Tapes
Saddam Hussein Had Secret Uranium Enrichment
Program Reprinted from NewsMax.com
Kenneth R. Timmerman ***** Thursday, Feb. 16, 2006
In the year 2000, two years after Iraq expelled U.N. arms inspectors, two Iraqi
scientists paid a discreet visit to Saddam Hussein in his presidential palace.
They had come to brief the Iraqi dictator on their progress in enriching uranium
using plasma separation. If successful, their efforts could have given Saddam
the fissile material he was seeking to make a bomb.
"You can tell that one of the scientists is nervous on the tape," former FBI
translator Bill Tierney told NewsMax. "He is telling Saddam of all these
wonderful things they can do with the plasma process, which they initially
developed in the 1980s for the nuclear weapons program.

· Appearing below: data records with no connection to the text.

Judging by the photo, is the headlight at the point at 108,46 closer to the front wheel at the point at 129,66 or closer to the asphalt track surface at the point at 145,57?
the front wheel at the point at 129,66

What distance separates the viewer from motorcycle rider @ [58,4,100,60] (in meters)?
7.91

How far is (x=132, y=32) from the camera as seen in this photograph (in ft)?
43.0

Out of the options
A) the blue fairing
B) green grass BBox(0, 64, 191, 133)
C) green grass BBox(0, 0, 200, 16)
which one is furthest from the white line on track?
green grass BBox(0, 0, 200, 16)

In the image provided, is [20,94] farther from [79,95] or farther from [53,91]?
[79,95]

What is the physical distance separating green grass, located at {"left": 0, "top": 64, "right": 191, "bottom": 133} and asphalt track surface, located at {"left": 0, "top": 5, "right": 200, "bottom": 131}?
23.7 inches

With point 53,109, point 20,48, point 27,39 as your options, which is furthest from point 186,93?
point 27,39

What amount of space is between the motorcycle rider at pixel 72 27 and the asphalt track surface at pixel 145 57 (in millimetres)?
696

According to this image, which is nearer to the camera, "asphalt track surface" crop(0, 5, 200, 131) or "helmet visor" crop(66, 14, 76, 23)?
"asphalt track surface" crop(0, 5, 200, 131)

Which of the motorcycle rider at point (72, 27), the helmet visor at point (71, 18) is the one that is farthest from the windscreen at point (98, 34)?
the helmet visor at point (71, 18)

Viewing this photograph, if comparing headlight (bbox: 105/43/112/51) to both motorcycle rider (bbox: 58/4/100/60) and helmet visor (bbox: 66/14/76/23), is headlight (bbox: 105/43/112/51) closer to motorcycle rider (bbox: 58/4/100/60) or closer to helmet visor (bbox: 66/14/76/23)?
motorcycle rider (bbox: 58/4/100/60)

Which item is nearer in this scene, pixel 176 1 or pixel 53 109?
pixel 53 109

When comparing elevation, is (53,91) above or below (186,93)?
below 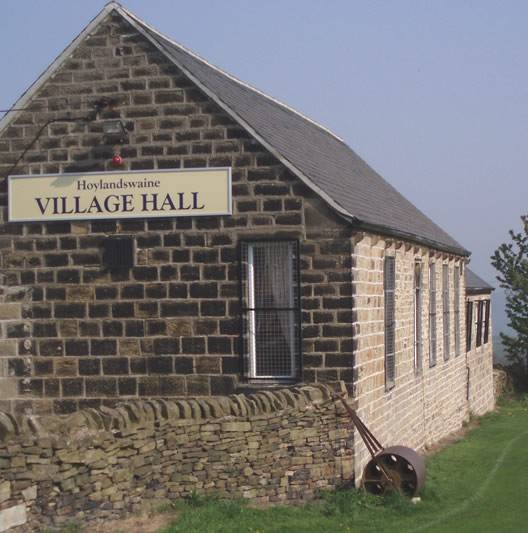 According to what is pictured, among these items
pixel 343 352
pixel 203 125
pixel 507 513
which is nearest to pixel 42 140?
pixel 203 125

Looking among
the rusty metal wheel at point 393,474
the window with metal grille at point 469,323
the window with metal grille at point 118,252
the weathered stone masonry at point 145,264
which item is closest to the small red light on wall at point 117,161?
the weathered stone masonry at point 145,264

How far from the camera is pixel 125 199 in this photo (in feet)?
55.9

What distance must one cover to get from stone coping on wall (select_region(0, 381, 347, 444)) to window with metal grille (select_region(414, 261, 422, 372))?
612cm

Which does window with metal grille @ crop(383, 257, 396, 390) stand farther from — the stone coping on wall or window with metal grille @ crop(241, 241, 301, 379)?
the stone coping on wall

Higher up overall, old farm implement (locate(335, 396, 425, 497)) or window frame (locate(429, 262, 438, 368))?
window frame (locate(429, 262, 438, 368))

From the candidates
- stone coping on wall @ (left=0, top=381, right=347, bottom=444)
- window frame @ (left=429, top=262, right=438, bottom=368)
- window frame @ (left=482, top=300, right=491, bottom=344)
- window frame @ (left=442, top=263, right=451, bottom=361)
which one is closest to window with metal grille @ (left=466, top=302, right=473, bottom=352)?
window frame @ (left=482, top=300, right=491, bottom=344)

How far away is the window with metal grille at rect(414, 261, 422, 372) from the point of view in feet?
72.3

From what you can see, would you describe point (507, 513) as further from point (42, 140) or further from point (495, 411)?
point (495, 411)

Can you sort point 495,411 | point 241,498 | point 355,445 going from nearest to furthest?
point 241,498
point 355,445
point 495,411

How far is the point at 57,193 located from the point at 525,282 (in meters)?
24.5

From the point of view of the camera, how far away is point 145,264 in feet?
55.9

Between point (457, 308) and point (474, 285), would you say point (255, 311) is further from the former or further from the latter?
point (474, 285)

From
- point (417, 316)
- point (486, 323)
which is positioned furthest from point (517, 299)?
point (417, 316)

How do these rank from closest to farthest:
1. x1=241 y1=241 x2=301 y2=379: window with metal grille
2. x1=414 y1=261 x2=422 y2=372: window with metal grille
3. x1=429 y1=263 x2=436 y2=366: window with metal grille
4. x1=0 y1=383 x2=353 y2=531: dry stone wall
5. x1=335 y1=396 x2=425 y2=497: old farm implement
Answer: x1=0 y1=383 x2=353 y2=531: dry stone wall
x1=335 y1=396 x2=425 y2=497: old farm implement
x1=241 y1=241 x2=301 y2=379: window with metal grille
x1=414 y1=261 x2=422 y2=372: window with metal grille
x1=429 y1=263 x2=436 y2=366: window with metal grille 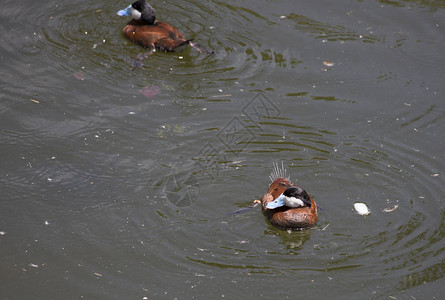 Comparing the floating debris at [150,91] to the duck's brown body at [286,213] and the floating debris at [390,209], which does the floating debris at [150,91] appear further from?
the floating debris at [390,209]

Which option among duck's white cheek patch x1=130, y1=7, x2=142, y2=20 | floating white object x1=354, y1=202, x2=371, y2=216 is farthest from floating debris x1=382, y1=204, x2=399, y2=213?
duck's white cheek patch x1=130, y1=7, x2=142, y2=20

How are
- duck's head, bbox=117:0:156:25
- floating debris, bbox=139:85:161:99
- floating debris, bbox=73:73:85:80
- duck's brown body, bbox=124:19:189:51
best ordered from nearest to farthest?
floating debris, bbox=139:85:161:99 → floating debris, bbox=73:73:85:80 → duck's brown body, bbox=124:19:189:51 → duck's head, bbox=117:0:156:25

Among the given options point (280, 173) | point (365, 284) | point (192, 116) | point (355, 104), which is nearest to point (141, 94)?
point (192, 116)

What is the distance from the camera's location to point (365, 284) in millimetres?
5098

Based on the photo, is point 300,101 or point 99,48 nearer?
point 300,101

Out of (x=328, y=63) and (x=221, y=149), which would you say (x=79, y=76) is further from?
(x=328, y=63)

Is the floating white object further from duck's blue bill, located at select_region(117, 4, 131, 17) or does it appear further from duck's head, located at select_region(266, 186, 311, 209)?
duck's blue bill, located at select_region(117, 4, 131, 17)

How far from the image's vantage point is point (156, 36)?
8148 mm

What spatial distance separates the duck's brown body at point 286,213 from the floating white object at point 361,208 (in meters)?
0.42

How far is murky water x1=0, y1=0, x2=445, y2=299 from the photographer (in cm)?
517

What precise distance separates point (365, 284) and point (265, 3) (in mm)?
5656

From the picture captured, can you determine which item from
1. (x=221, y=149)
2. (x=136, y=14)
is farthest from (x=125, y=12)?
(x=221, y=149)

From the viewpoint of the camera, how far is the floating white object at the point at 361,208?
19.1ft

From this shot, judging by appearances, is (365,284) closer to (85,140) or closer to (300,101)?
(300,101) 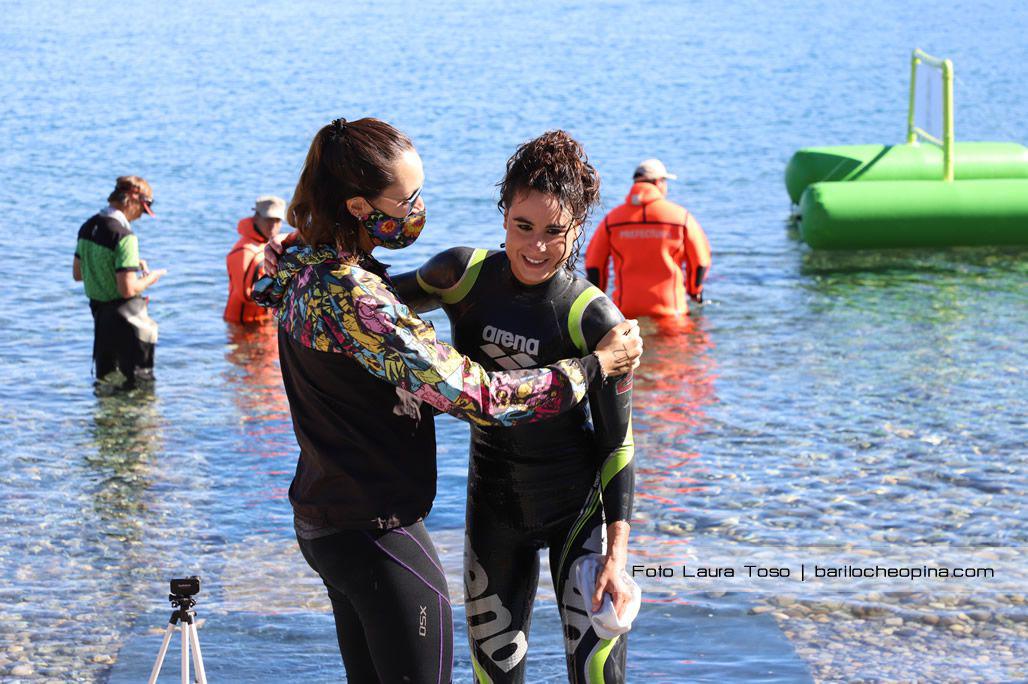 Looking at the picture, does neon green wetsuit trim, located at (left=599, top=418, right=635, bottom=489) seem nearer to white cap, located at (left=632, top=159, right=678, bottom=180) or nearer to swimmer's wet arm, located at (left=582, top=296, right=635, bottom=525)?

The scientist tried to convince Saddam to change course and use the technology
for purely peaceful purpose, but the Iraqi dictator just listened politely. "You
can imagine him nodding his head as you listen to the tape," Tierney said.
Tierney believes the tapes will vindicate the pre-war analysis of Iraqi WMD
programs. "If anything, after translating 12 hours of these tapes, I believe the
U.S. intelligence analysis didn't go far enough," he told NewsMax.
Tierney worked with U.N. arms inspectors in Iraq in the late 1990s, and
experienced Iraq's "cheat and retreat" efforts first hand. He will release the
original Arabic tapes and English language translations Saturday at the
Intelligence Summit, a privately-funded conference in Arlington, Va. As
non-U.S.-origin materials, they are not classified.
The plasma enrichment program was so well-protected by the Iraqi regime that
U.N. arms inspectors had never discovered it. "This not only shows the
capabilities the Iraqis had, but also the weakness of international arms
inspection," Tierney believes. "Arms inspection regimes just don't work."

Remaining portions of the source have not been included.